## PROBLEM
As you work through the listing below, copy each line exactly and drop the images.

## DATA
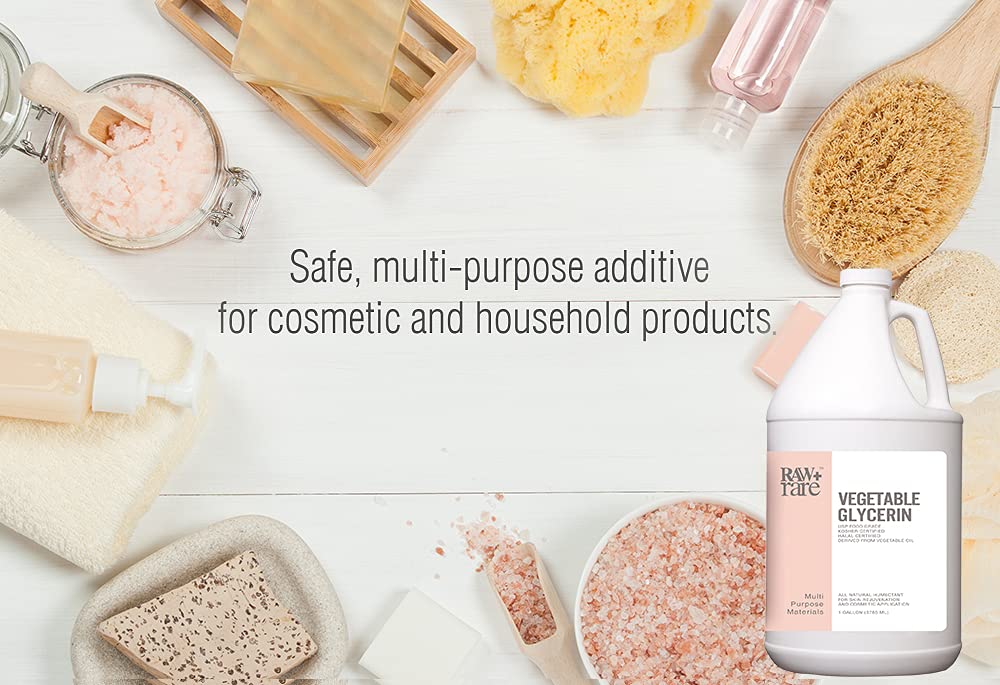 Raw Plus Rare Natural Glycerin 128 fl oz – Bulk Gallon, USP Food & Cosmetic Grade, Hair & Skin Care, Soap Making, Kosher & Halal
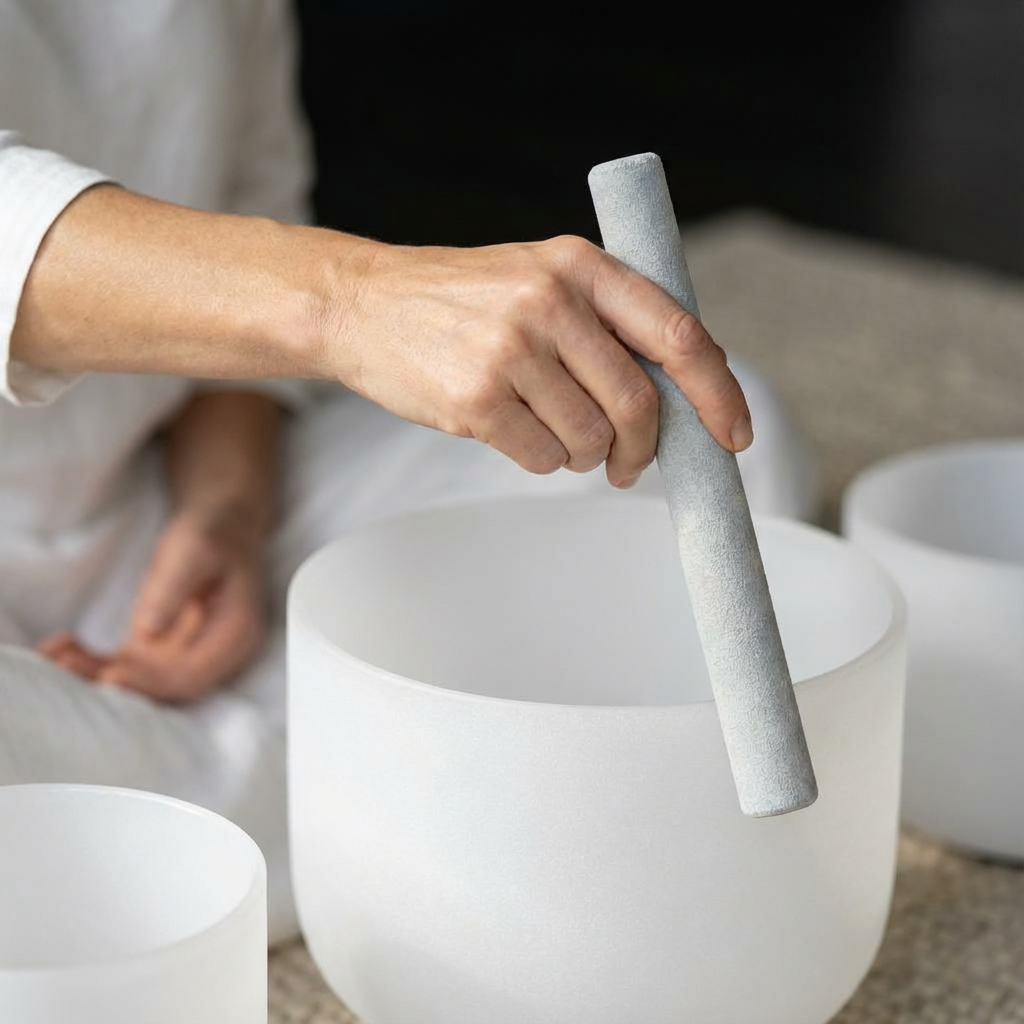 White Frosted Crystal Singing Bowl Set - 8 PCS 7-14 Inch
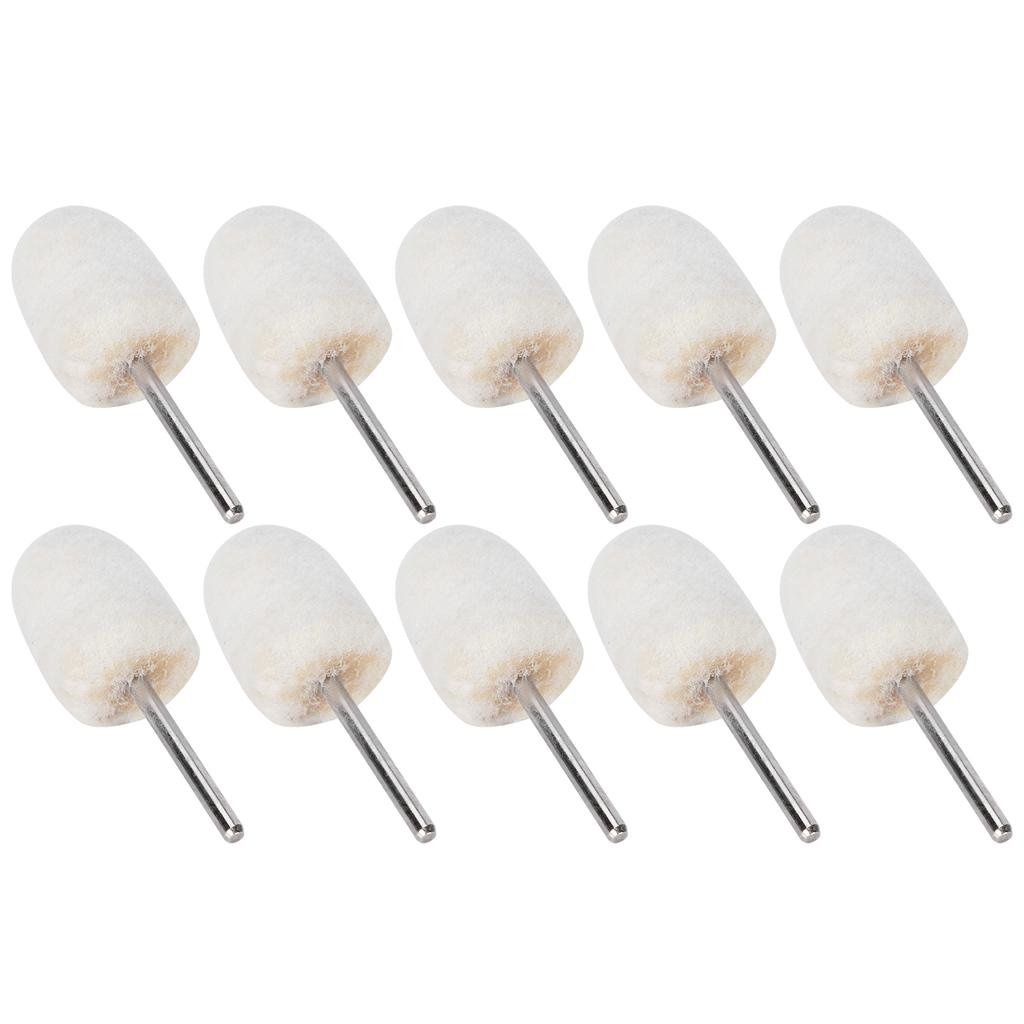 10pcs 0.6in Wool Grinding Head Portable Polishing Buffing Tools for Jewelry Jades Metal Glass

## EXERCISE ANSWER
 Raw Plus Rare Natural Glycerin 128 fl oz – Bulk Gallon, USP Food & Cosmetic Grade, Hair & Skin Care, Soap Making, Kosher & Halal
 White Frosted Crystal Singing Bowl Set - 8 PCS 7-14 Inch
 10pcs 0.6in Wool Grinding Head Portable Polishing Buffing Tools for Jewelry Jades Metal Glass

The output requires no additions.